Exercise prompt => Repeat the following data exactly, omitting pictures.

Data shown =>
◇ ◇ ◇ ◇ ◇ ◇ ◇
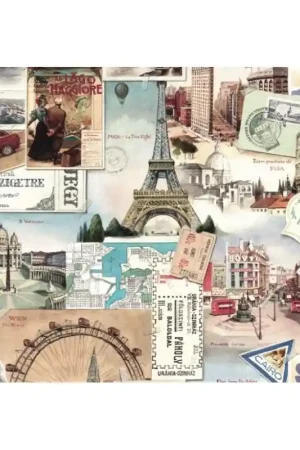 PAPEL DECORATIVO BOMOART VIAJES 100x70 CM Garantía De Devolución De Dinero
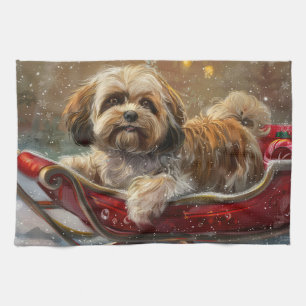 Lhasa Apso Dog Christmas Festive Kitchen Towel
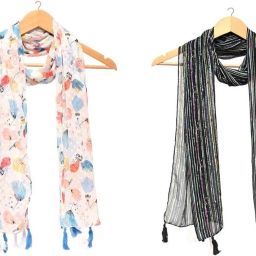 Printed Chiffon Women Multicolor Scarf, Stole, Fancy Scarf-image-91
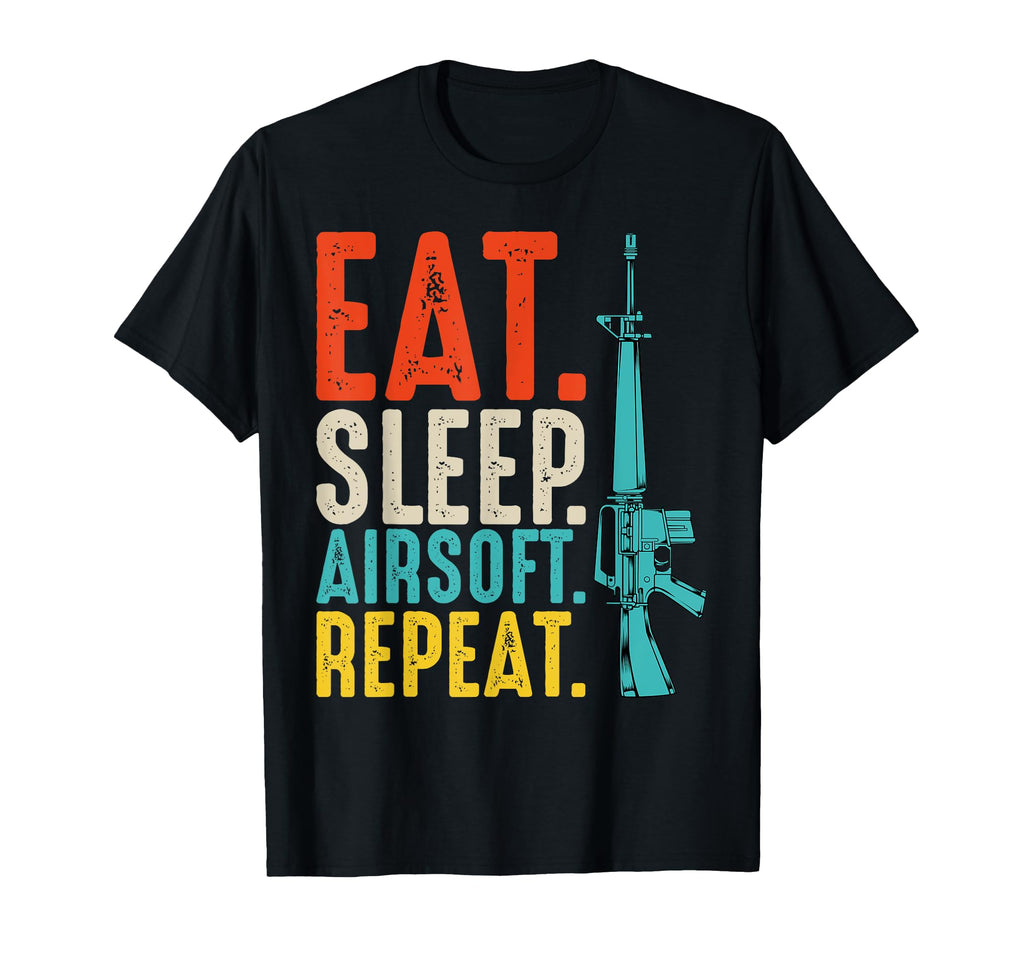 Eat Sleep Airsoft Repeat Team Sport Pitch T-Shirt - Novelty Apparel Unisex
◇ ◇ ◇ ◇ ◇ ◇ ◇
Answer to this task =>
 PAPEL DECORATIVO BOMOART VIAJES 100x70 CM Garantía De Devolución De Dinero
 Lhasa Apso Dog Christmas Festive Kitchen Towel
 Printed Chiffon Women Multicolor Scarf, Stole, Fancy Scarf-image-91
 Eat Sleep Airsoft Repeat Team Sport Pitch T-Shirt - Novelty Apparel Unisex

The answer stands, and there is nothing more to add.